__Exercise data__
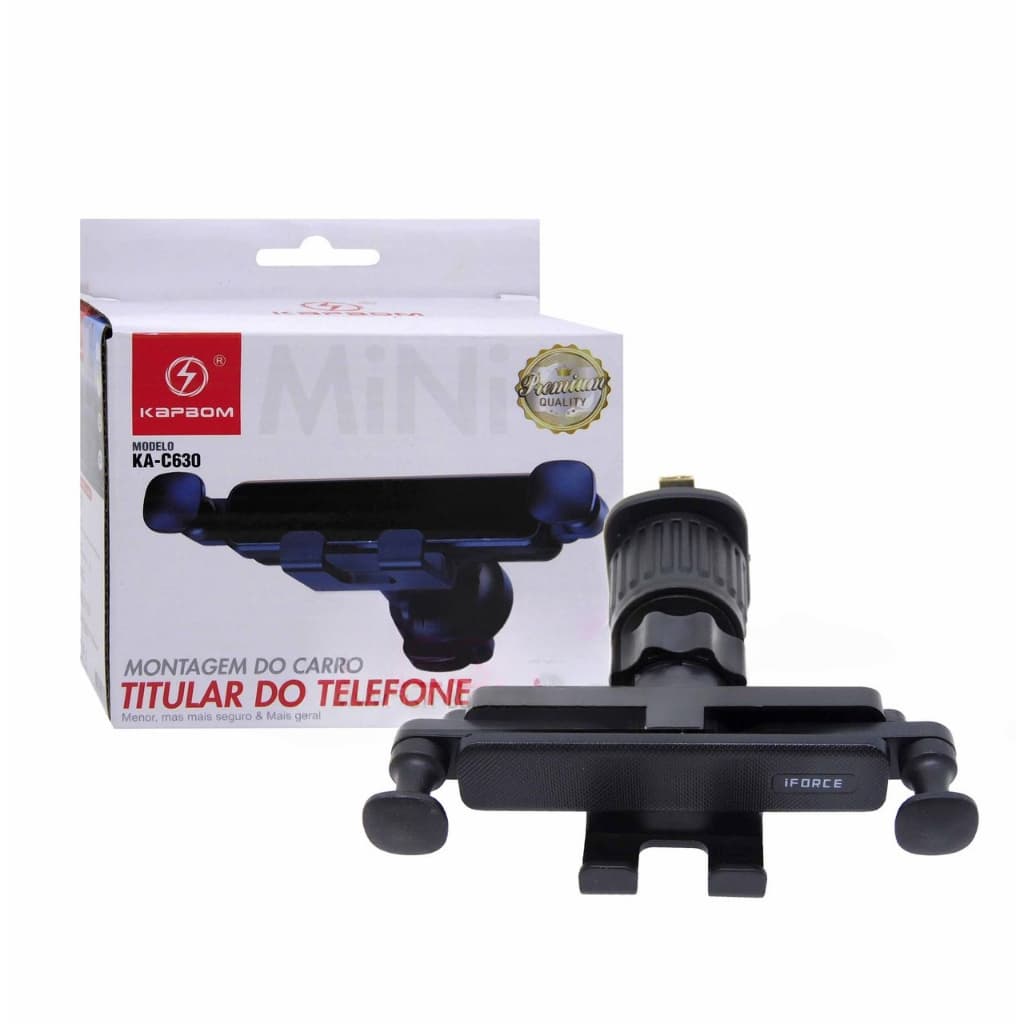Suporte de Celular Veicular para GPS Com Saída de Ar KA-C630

==

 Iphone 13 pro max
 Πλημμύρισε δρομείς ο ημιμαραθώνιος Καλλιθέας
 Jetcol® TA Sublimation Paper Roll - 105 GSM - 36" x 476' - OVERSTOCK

* * *

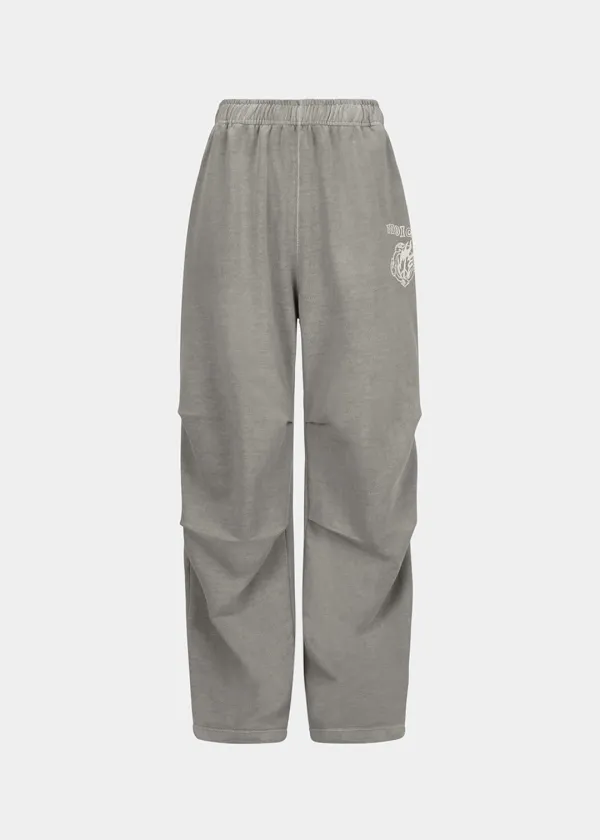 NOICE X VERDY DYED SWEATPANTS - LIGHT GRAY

__Exercise__
Within the listing above, the range opens at the line with "Iphone 13 pro max" and closes at the line with "Jetcol® TA Sublimation". Reproduce exactly the lines of that range, including both ends.

__Response to this task__
 Iphone 13 pro max
 Πλημμύρισε δρομείς ο ημιμαραθώνιος Καλλιθέας
 Jetcol® TA Sublimation Paper Roll - 105 GSM - 36" x 476' - OVERSTOCK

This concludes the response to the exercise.